Hemmati Borji S, Nasseri S, Mahvi AH, Nabizadeh R, Javadi AH - J Environ Health Sci Eng (2014)

Bottom Line: In addition, the effects of various operational parameters on photocatalytic degradation, such as pH, initial concentration of phenol and amount of photocatalyst were examined and optimized.At all different initial concentration, highest degradation efficiency occurred at pH = 3 and 0.5 g/L Fe(III)-doped TiO2 dosage.With increase in initial concentration of phenol, photocatalytic degradation efficiency decreased.

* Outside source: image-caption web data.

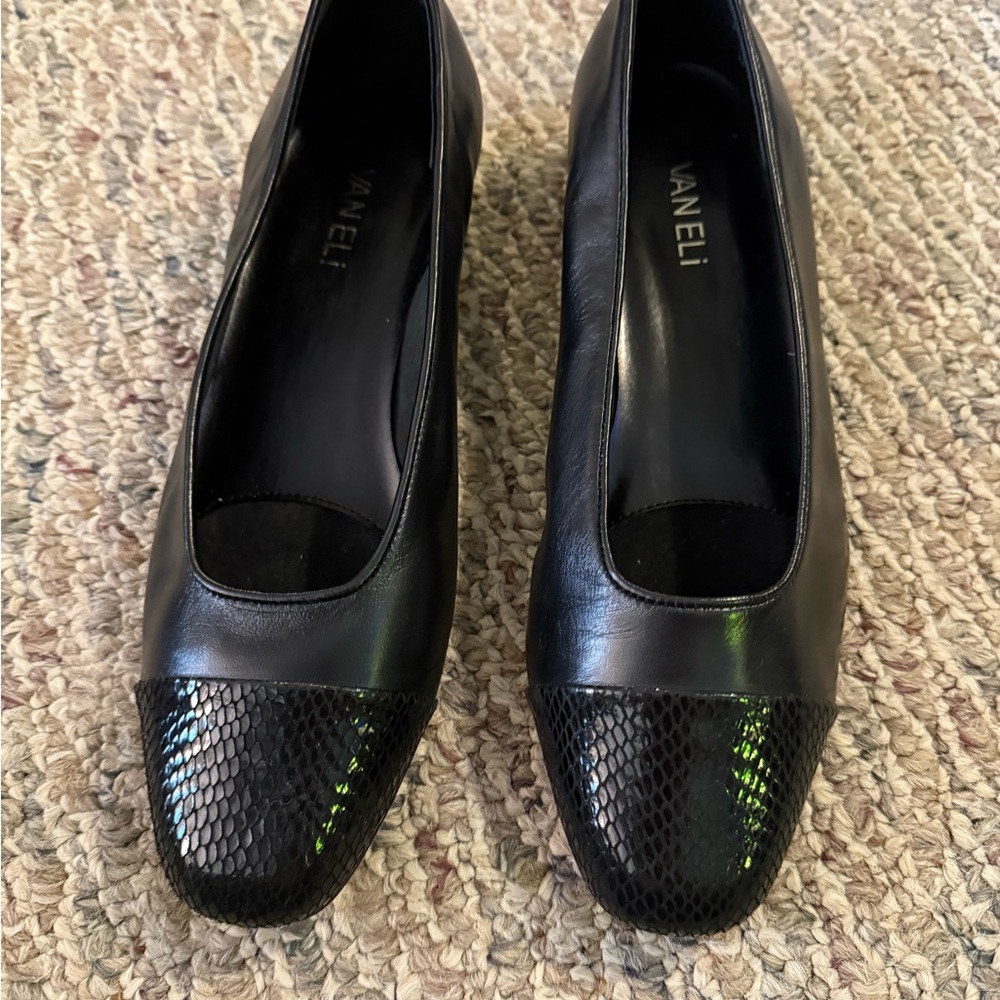 Vaneli Black Flats with Snakeskin Detail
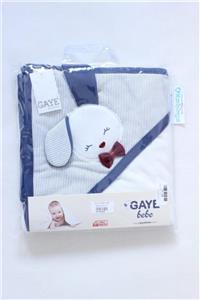 Gaye Bebe Tavşan Kabartmalı Bebek Banyo Havlusu Lacivert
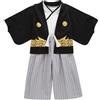 Generisch 1 Set Kimono Tradizionale Abbigliamento Costume Kimono Tradizionale Ragazzi Abiti Tessuto Nero, bianco, 3-4 Jahre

View Article: PubMed Central - HTML - PubMed

Affiliation: Department of Environmental Health Engineering, School of Public Health and Center for Water Quality Research (CWQR), Institute for Environmental Research (IER), Tehran University of Medical Sciences, Tehran, Iran.

ABSTRACT
In this study Fe (III)-doped TiO2 nanoparticles were synthesized by sol-gel method at two atomic ratio of Fe/Ti, 0.006 and 0.034 percent. Then the photoactivity of them was investigated on degradation of phenol under UV (<380 nm) irradiation and visible light (>380 nm). Results showed that at appropriate atomic ratio of Fe to Ti (% 0.034) photoactivity of Fe(III)-doped TiO2 nanoparticles increased. In addition, the effects of various operational parameters on photocatalytic degradation, such as pH, initial concentration of phenol and amount of photocatalyst were examined and optimized. At all different initial concentration, highest degradation efficiency occurred at pH = 3 and 0.5 g/L Fe(III)-doped TiO2 dosage. With increase in initial concentration of phenol, photocatalytic degradation efficiency decreased. Photoactivity of Fe (III)-doped TiO2 under UV irradiation and visible light at optimal condition (pH = 3 and catalyst dosage = and 0.5 g/L) was compared with P25 TiO2 nanoparticles. Results showed that photoactivity of Fe(III)-doped TiO2 under visible light was more than P25 TiO2 photoactivity, but it was less than P25 TiO2 photoactivity under UV irradiation. Also efficiency of UV irradiation alone and amount of phenol adsorption on Fe(III)-doped TiO2 at dark condition was investigated.

No MeSH data available.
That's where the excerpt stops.